Reached in July, he said their bankruptcy attorney had advised all of them not to comment.

Scott Skinner, a bankruptcy attorney with Detroit Lawyers and a specialist in ESOPs, wrote in a blog post that whether ESOP shareholders get their money back or not depends on the structure of the plan.

Clients out of luck

As for clients of the four closed centers, who in many cases paid for programs in advance, they will have to line up at the end of the long list of creditors. Patten said the franchisor would continue to provide some products to support customers’ programs, such as guided imagery recordings, but obviously could not provide the hypnosis and other services that were offered in the stores.

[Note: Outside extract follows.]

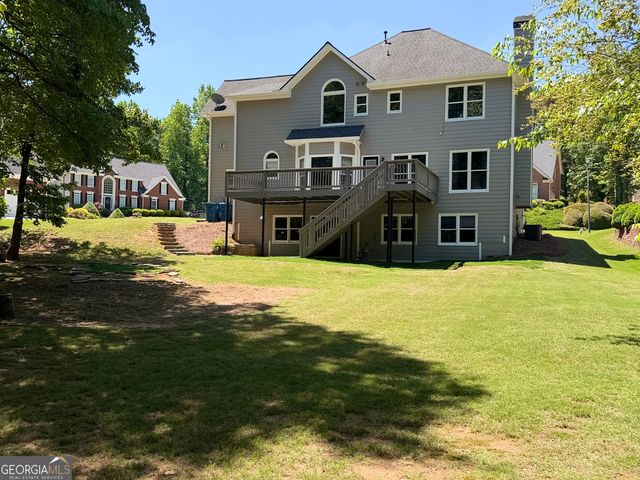 1424 Chatsworth Trace, Lawrenceville, GA 30044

Positive Changes’ website says hypnosis “is supported by renowned research institutions like the National Institutes of Health and the Mayo Clinic. It is safe and natural,” and used for weight loss, smoking cessation and stress management.

In a personal hypnosis session, “your hypnotist will guide you to a state of deep relaxation much like a daydream,” the website says. “You will be fully aware and in control, but in the restful state of heightened alertness your subconscious will be open to positive suggestions for change.” That last phrase is exactly what the franchise itself could use.